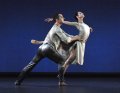 Damian Smith and Yuan Yuan Tuan in Christopher Wheeldons Five Movements, Three Repeats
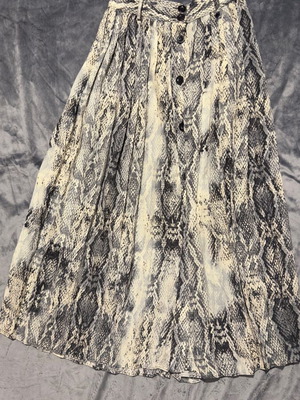Zara midi skirt used, multicolor, size S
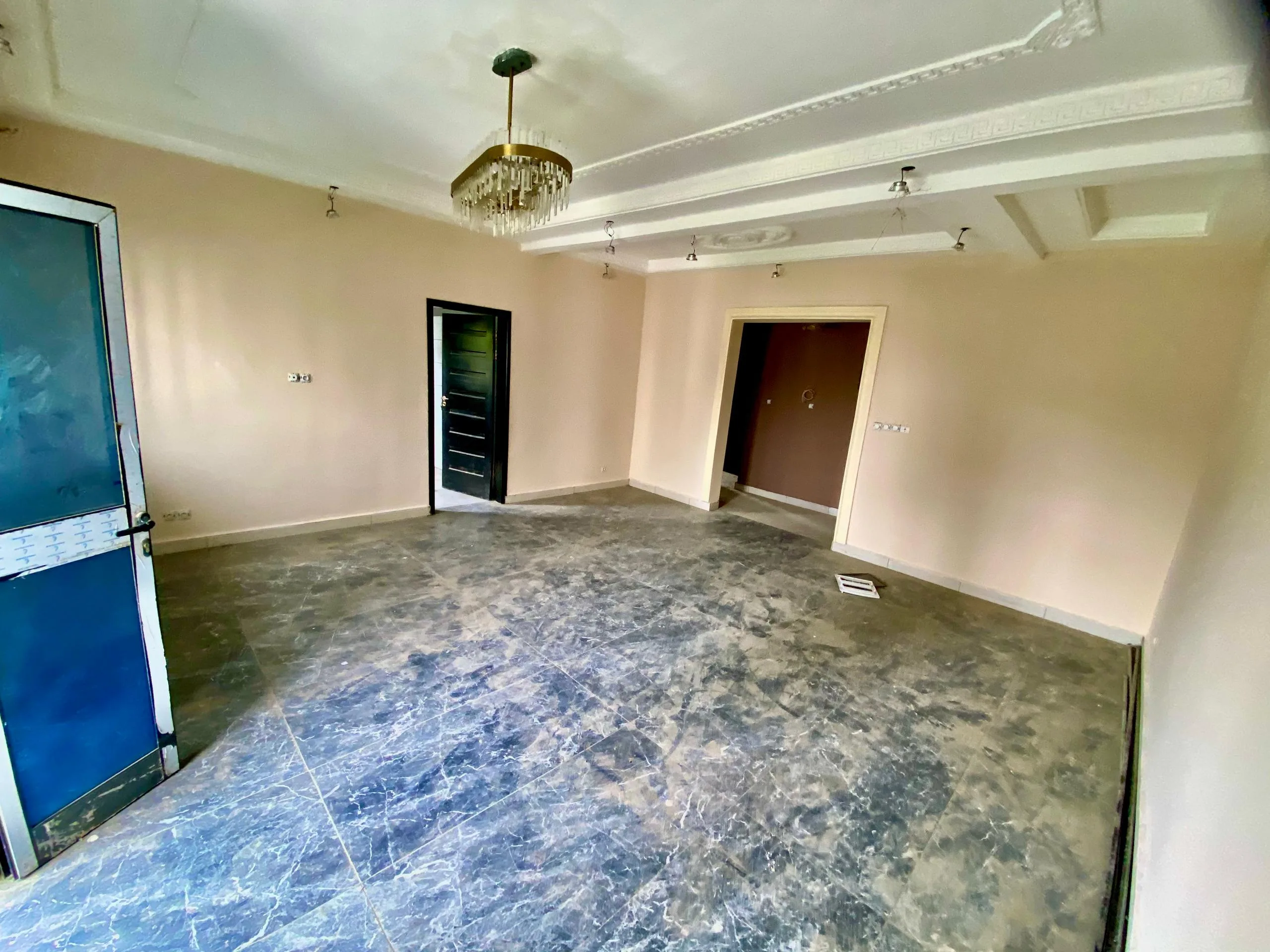 APPARTEMENT MODERNE À LOUER A LOGPOM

════

Each line of the material needs to be given again exactly, without any of its pictures.

*Answer space:*
 Damian Smith and Yuan Yuan Tuan in Christopher Wheeldons Five Movements, Three Repeats
Zara midi skirt used, multicolor, size S
 APPARTEMENT MODERNE À LOUER A LOGPOM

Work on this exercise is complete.